拡大を国に求めてきた。引き続き、実情に応じた教員配置に努めたい(教育長)

 義務教育の教職員定数につきましては、平成29年4月の県費負担教職員の指定都市への権限移譲を機に、本市の様々な教育課題に取り組むため、その拡大を国に対し直接求めてまいりました。その結果、一定の改善を図ったところです。今後も、引き続き、本市の実情に応じた教員配置に努めてまいります。

 なお、標準的な授業時間等の在り方については、引き続き中央教育審議会において時代を見据えた検討を行うとされており、これを注視していきたいと考えております。
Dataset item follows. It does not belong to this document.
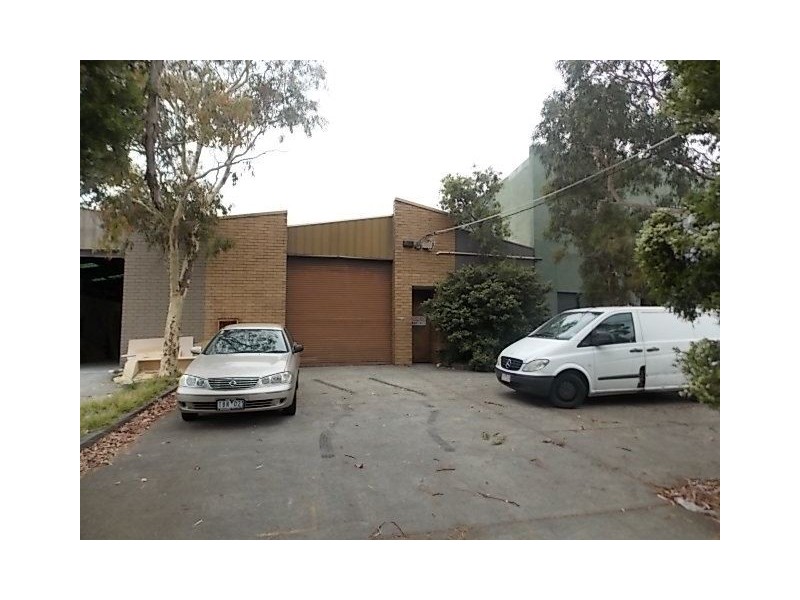 2/6 Charnfield Court, Thomastown VIC 3074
相談したくても先生が忙しそうで声がかけられない状況の改善が重要だ(意見)【高橋議員】

 教員の働き方改革について、長時間労働の抜本的な問題は、教員が足りていないというところです。そのことによって一番影響を受けるのは子どもたちです。相談したくても先生が忙しそうで声がかけられない。そんな状況を改善するためにも、国待ちにならず、市がもっと率先して、抜本的な改革に取り組む必要があることを指摘しておきます。